Como un grupo de niños, los jueces, sin proponérselo, asintieron con la cabeza todos al mismo tiempo.

—Sin embargo, Excelencias, os equivocáis. Este pequeño artefacto, así de mundano y sencillo como lo veis, es obra, también, del demonio, ¡del diablo que habita dentro de la mente maléfica del acusado! —bramó el fiscal, señalando a Gutenberg.

Una vez más, los magistrados empalidecieron. Entonces, al observar el semblante de los jueces, volvió a redoblar la apuesta; elevó el espejo con su brazo extendido y lo pasó por delante del tribunal. Los magistrados pudieron ver reflejada su propia cara de asombro. Sigfrido de Maguntia prosiguió su camino hacia el amplio vitral por donde entraba el sol y, de espaldas a la sala, permaneció en aquella posición, enarbolando el pequeño espejo. Luego giró sobre sus talones y nuevamente mostró a los jueces el vidrio oval en el que se acababan de mirar. Lo que vieron en la superficie del espejo les arrancó una exclamación de pánico que se transformó en griterío general cuando el fiscal lo mostró al resto de los presentes. Ulrich Helmasperger, absorto como el resto de los presentes, por primera vez estuvo a punto de perder el hilo de la transcripción de las palabras al documento notarial.

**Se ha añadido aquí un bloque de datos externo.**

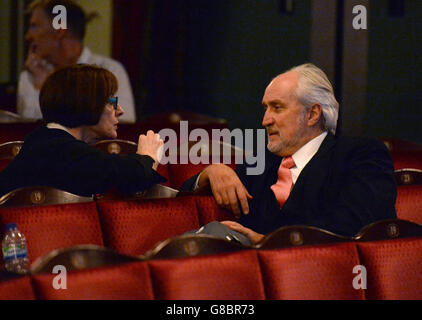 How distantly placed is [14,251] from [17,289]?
1.71 ft

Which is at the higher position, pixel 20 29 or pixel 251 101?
pixel 20 29

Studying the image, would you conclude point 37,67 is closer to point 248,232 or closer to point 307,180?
point 307,180

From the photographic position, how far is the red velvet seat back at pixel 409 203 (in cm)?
199

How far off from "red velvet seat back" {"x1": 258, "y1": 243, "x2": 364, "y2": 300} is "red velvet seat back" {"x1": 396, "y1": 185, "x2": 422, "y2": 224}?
0.82 metres

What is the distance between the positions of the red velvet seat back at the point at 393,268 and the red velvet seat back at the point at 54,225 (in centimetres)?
68

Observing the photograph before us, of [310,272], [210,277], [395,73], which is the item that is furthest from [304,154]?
[395,73]

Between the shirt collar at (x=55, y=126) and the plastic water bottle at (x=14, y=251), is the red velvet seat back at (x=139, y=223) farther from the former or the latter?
the shirt collar at (x=55, y=126)

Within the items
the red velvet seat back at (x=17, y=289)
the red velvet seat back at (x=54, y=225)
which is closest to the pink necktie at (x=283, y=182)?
the red velvet seat back at (x=54, y=225)

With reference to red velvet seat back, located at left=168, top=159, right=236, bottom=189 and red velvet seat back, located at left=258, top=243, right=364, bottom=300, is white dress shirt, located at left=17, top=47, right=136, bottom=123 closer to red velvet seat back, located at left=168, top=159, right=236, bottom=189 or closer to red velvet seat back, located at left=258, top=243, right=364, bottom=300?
red velvet seat back, located at left=168, top=159, right=236, bottom=189

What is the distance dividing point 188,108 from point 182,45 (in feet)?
1.74

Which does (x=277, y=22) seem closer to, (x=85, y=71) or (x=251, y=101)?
(x=251, y=101)

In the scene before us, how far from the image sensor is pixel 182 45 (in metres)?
5.91

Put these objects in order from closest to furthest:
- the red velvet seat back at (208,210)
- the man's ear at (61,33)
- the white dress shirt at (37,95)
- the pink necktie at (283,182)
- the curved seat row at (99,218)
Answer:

Gutenberg, hundido en su silla, se tapó los oídos para no enloquecer con el escándalo que se había apoderado de la sala. Así, con los ojos cerrados y los oídos tapados, volvió a refugiarse en sus recuerdos. Por fin, había llegado el gran día. De acuerdo con la tradición germánica, la boda se celebraría en la casa paterna. Como la mayor parte de los palacios del patriciado, la Casa de la Puerta de Hierro albergaba una capilla. La ceremonia era un rito solemne en el que la esposa era entregada por el padre a un sacerdote. Luego el religioso celebraba el matrimonio y daba la misa de velaciones. Por último, el cura otorgaba la bendición sacerdotal y entonces sí, concedía la mujer a su esposo una vez consumada la «gracia sacramental». Concluida la ceremonia religiosa, el padre de la novia entregaba la dote al marido —en este caso, la suma que restaba del anticipo— y por fin llegaba el momento más esperado por los invitados: el banquete.

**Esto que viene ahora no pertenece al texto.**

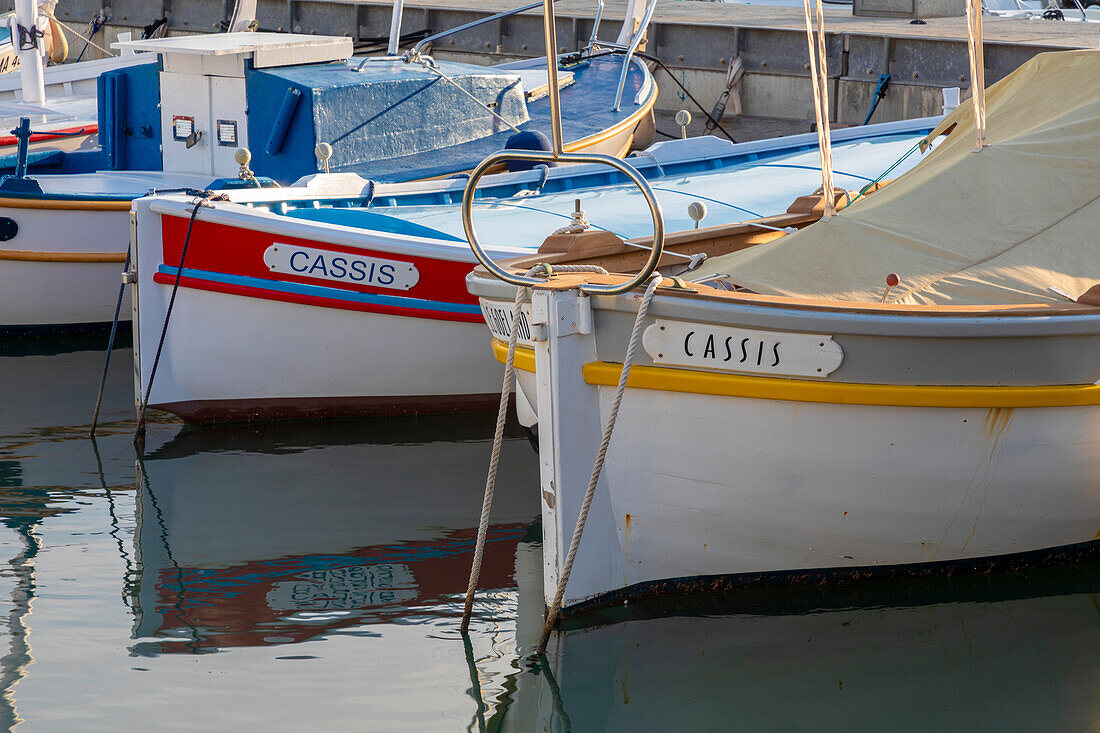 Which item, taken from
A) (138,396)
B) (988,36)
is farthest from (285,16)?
(138,396)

Todo estaba dispuesto para la ceremonia. La capilla había sido decorada como nunca antes. Gustav hizo preparar los más exquisitos manjares y trajo los mejores vinos. Ennelin, por su parte, no había podido conciliar el sueño durante toda la noche. Vio el amanecer a través del velo de lágrimas que cubría sus ojos embargados por la emoción. Nunca pensó que aquel momento le llegaría. Todo parecía un sueño: no solamente estaba a punto de cumplir aquel anhelo que creía imposible, sino que habría de casarse con el hombre que amaba, hecho nada frecuente para la mayor parte de las mujeres. No había sido un insomnio angustioso, sino una dulce duermevela en la que los más tiernos pensamientos y sensaciones se mezclaban con otros que, hasta el día anterior, los consideraba pecaminosos; sin embargo, aquella sería la última noche en la que dormiría sola. Los nervios, el temor y la excitación habían estremecido sus entrañas y atizado sus pasiones. Estaba dispuesta a entregarse en cuerpo y alma a su amado Johannes. Durante su último día de soltera, Ennelin no solo había imaginado la noche de bodas, sino también la mañana siguiente, en la que su flamante esposo habría de entregarle el matutinale donum, el regalo que le correspondía a ella por haberle entregado su virginidad.

También Johannes había pasado la noche en vela, aunque por razones muy diferentes. Aquel día debía cumplir tres obligaciones impostergables, en el siguiente orden: a primera hora tenía que mostrar a Andreas Heilmann algún avance en el negocio de las reliquias; al mediodía se había comprometido a retirar la prensa del taller de Konrad Saspach y a las cinco de la tarde debía hacer honor a su trato con Gustav von der Isern Türe; es decir, casarse con Ennelin. De todos estos compromisos, el que más le preocupaba era el que tenía para con Heilmann; en otras palabras: temía por su vida.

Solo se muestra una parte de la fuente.